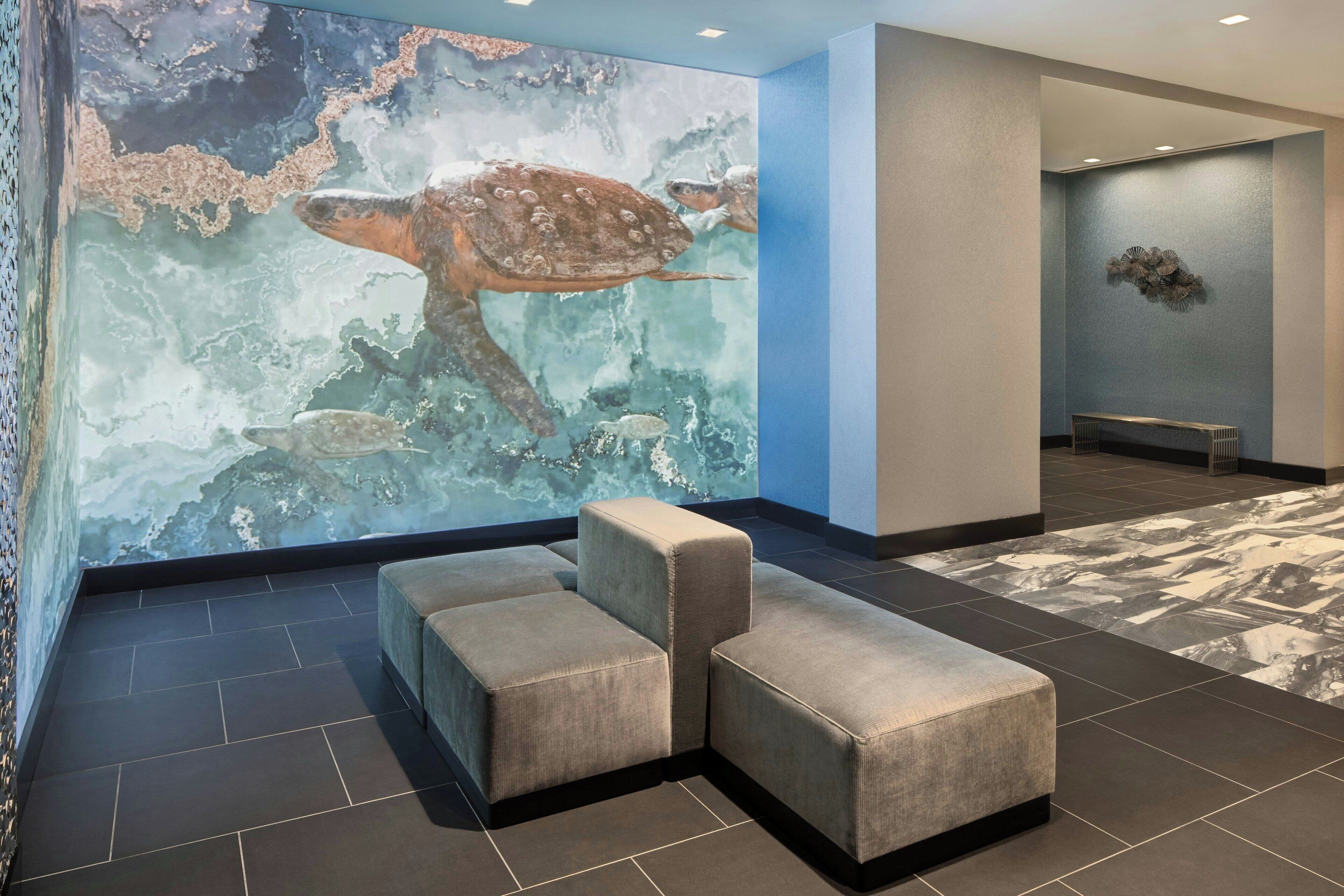 A lobby with a large mural of a sea turtle, a seating area with cushioned benches, and a patterned floor.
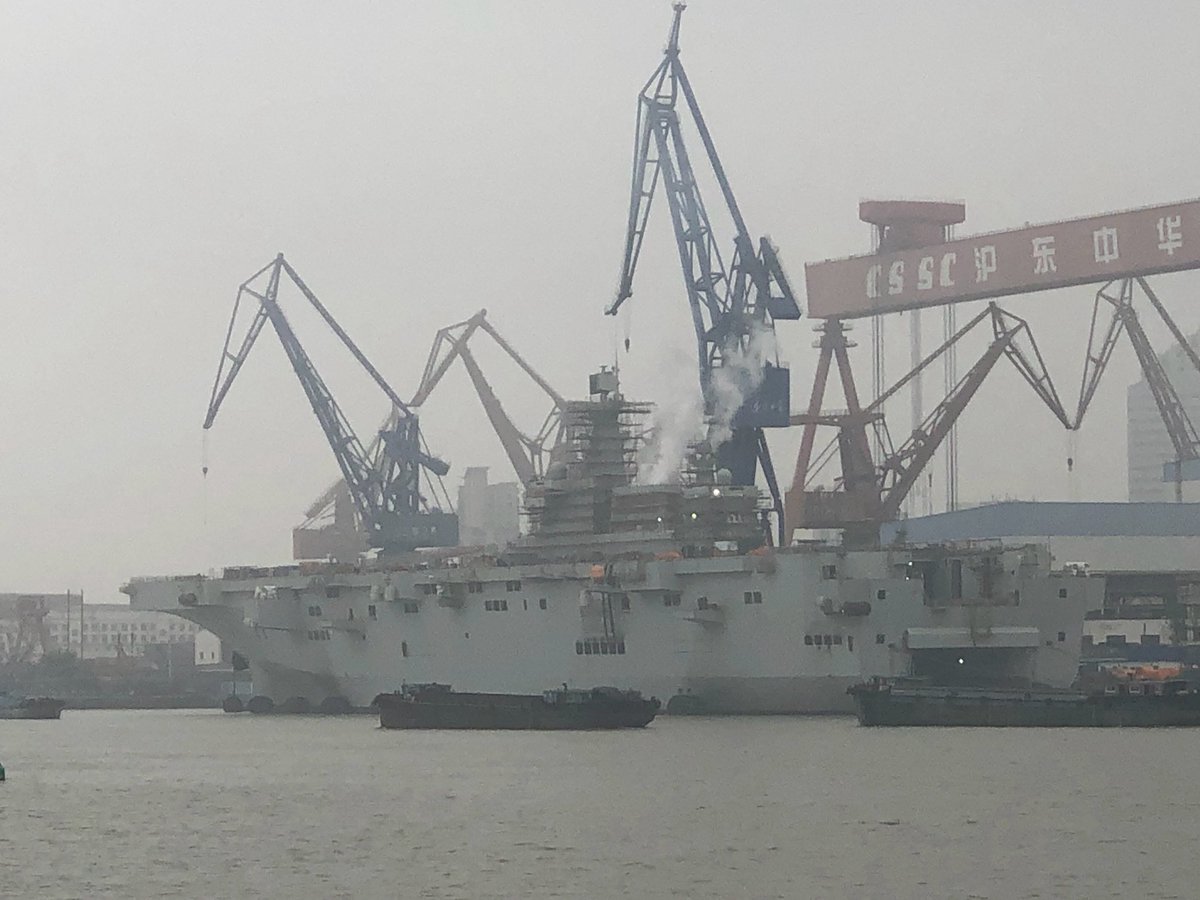 The Chinese PLAN Navy's first two Type 075 amphibious assault ships fitting out in Shanghai at Hudong China Shipbuilding Group. The first ship was launched 26 Sept., the 2nd on 22 April.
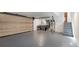 Spacious garage featuring a gray floor, utilities, and convenient access stairs at 738 Saint Charles Ne Ave, Atlanta, GA 30306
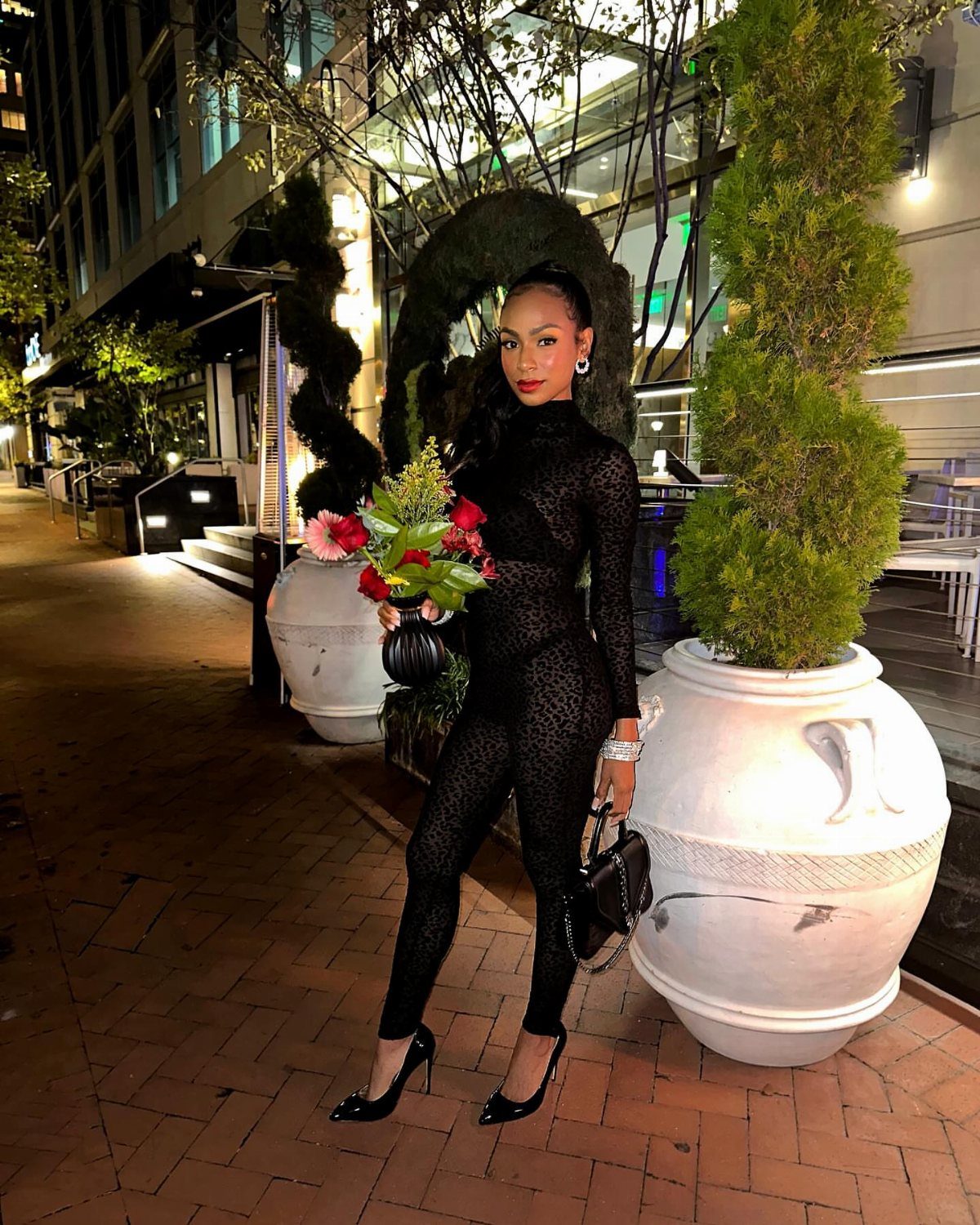 Woman in a black form-fitting jumpsuit holding red flowers on a city sidewalk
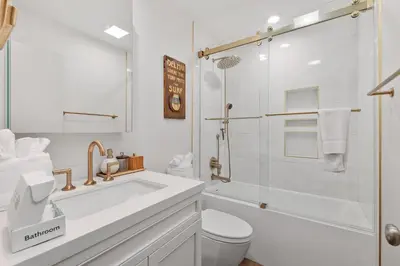 a white bathroom with a toilet and a shower at Breeze & Bridle - TC530J in Solana Beach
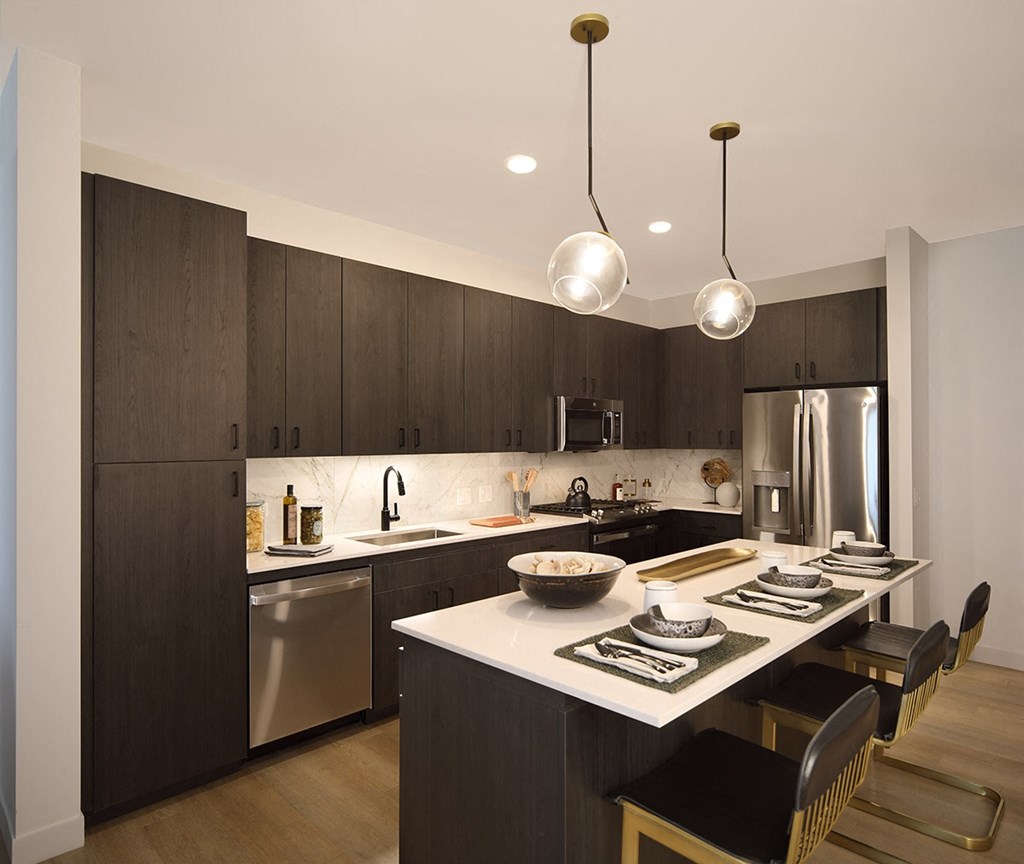 a kitchen with a large island and a stainless steel refrigerator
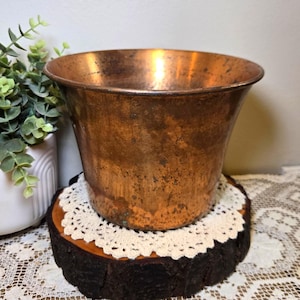 May include: A vintage copper planter with a flared rim, showing a rich patina. The planter sits on a rustic wooden slice with a cream-colored doily. A white ceramic pot with greenery is visible in the background.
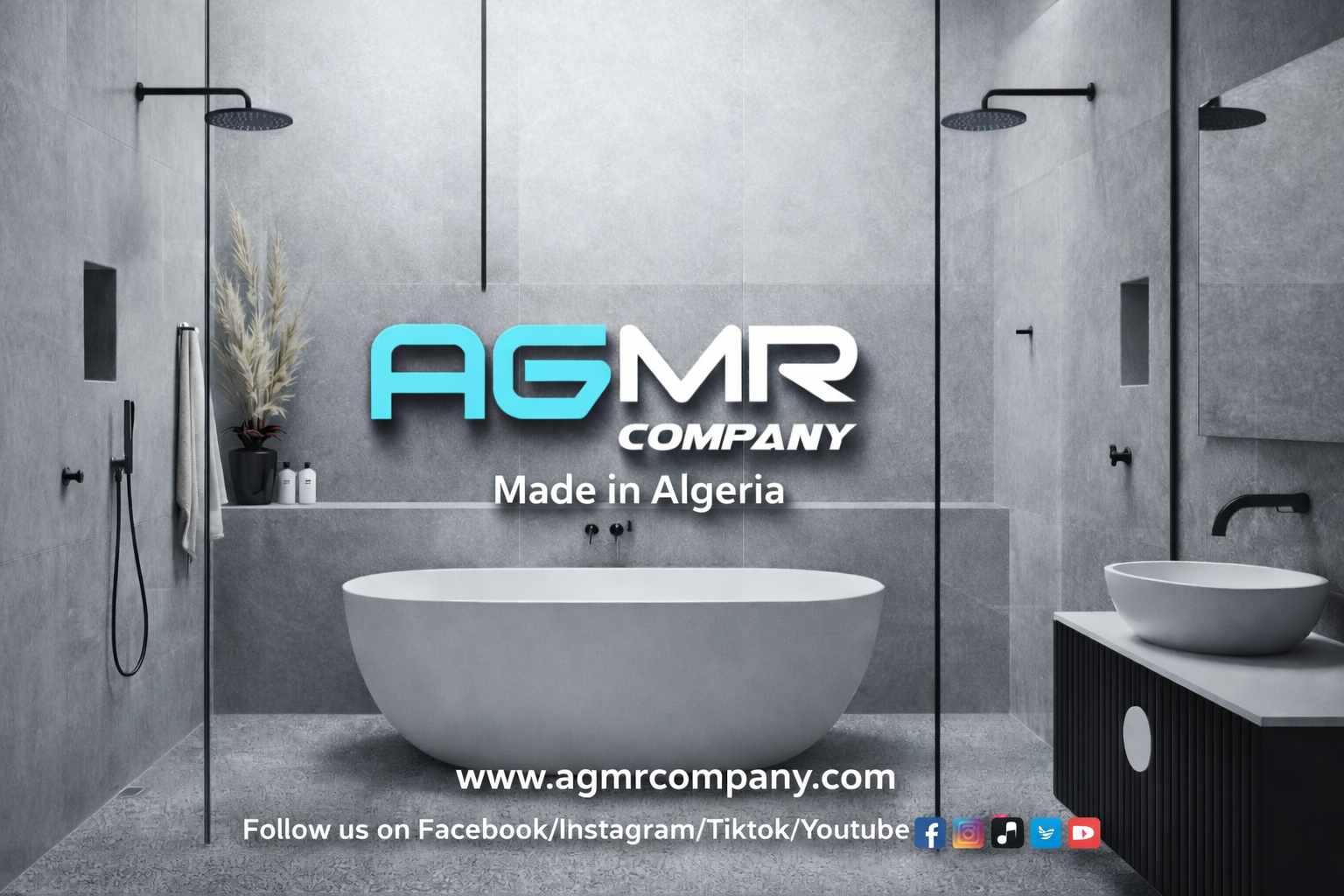 Modern bathroom with gray tiled walls and floors, featuring two showerheads, a large freestanding bathtub, a side sink with a vessel basin, and decorative elements including a black vase with pampas grass and soap dispensers. The company logo 'AGMR COMPANY' and website are displayed on the wall.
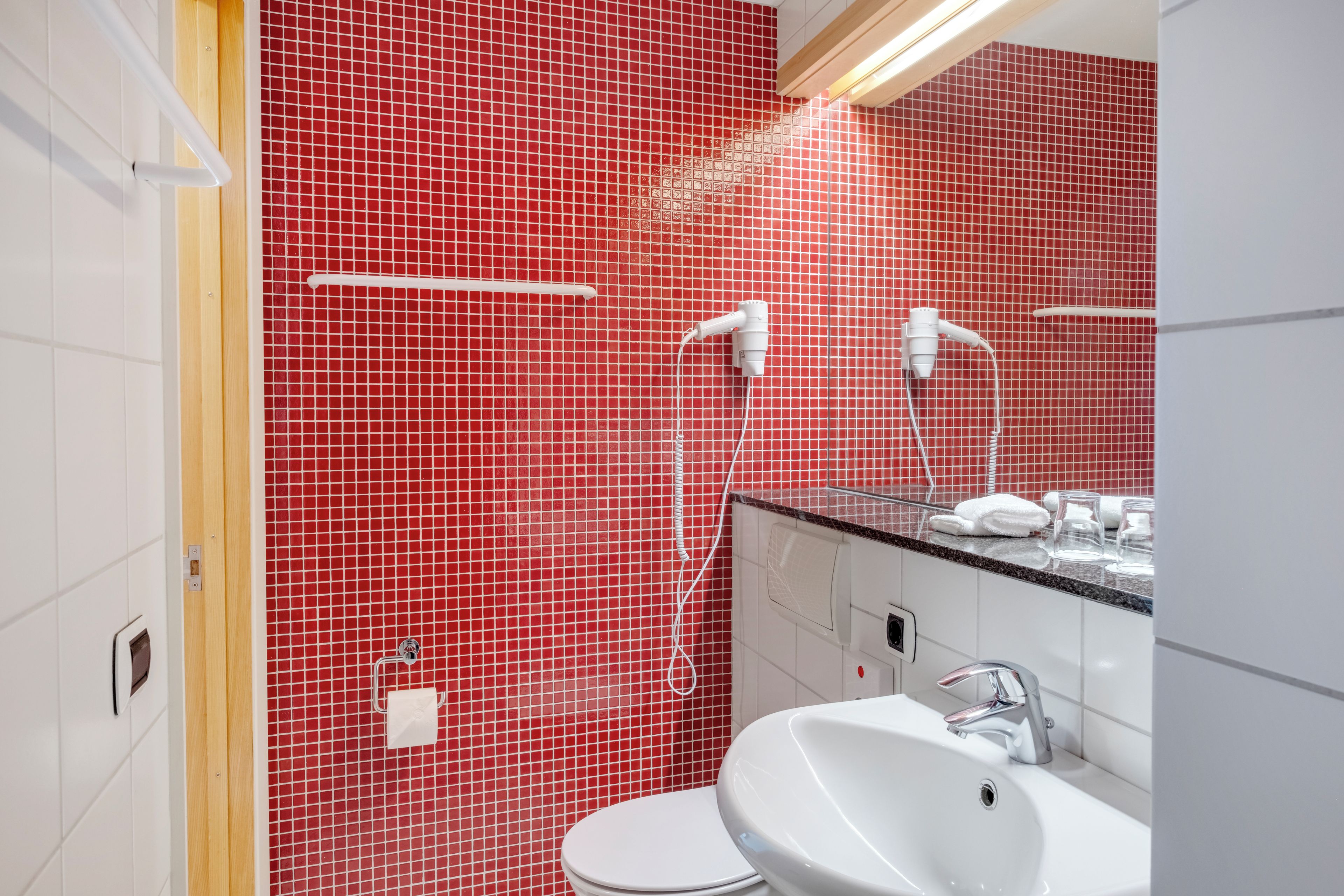A bathroom with a red tiled wall, a white sink, a mirror, and a shower.
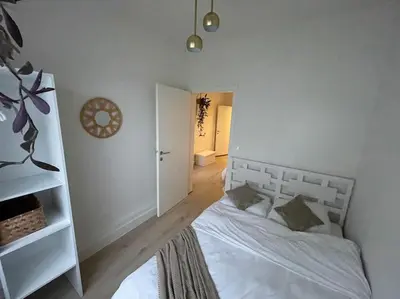 a bedroom with a bed and a white wall at E&L Appartement in Willebroek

- - - -

Nothing but the exact text of the records should appear in your answer, with no pictures. Please write it out.

SOLUTION BELOW:
 A lobby with a large mural of a sea turtle, a seating area with cushioned benches, and a patterned floor.
 The Chinese PLAN Navy's first two Type 075 amphibious assault ships fitting out in Shanghai at Hudong China Shipbuilding Group. The first ship was launched 26 Sept., the 2nd on 22 April.
 Spacious garage featuring a gray floor, utilities, and convenient access stairs at 738 Saint Charles Ne Ave, Atlanta, GA 30306
 Woman in a black form-fitting jumpsuit holding red flowers on a city sidewalk
 a white bathroom with a toilet and a shower at Breeze & Bridle - TC530J in Solana Beach
 a kitchen with a large island and a stainless steel refrigerator
 May include: A vintage copper planter with a flared rim, showing a rich patina. The planter sits on a rustic wooden slice with a cream-colored doily. A white ceramic pot with greenery is visible in the background.
 Modern bathroom with gray tiled walls and floors, featuring two showerheads, a large freestanding bathtub, a side sink with a vessel basin, and decorative elements including a black vase with pampas grass and soap dispensers. The company logo 'AGMR COMPANY' and website are displayed on the wall.
A bathroom with a red tiled wall, a white sink, a mirror, and a shower.
 a bedroom with a bed and a white wall at E&L Appartement in Willebroek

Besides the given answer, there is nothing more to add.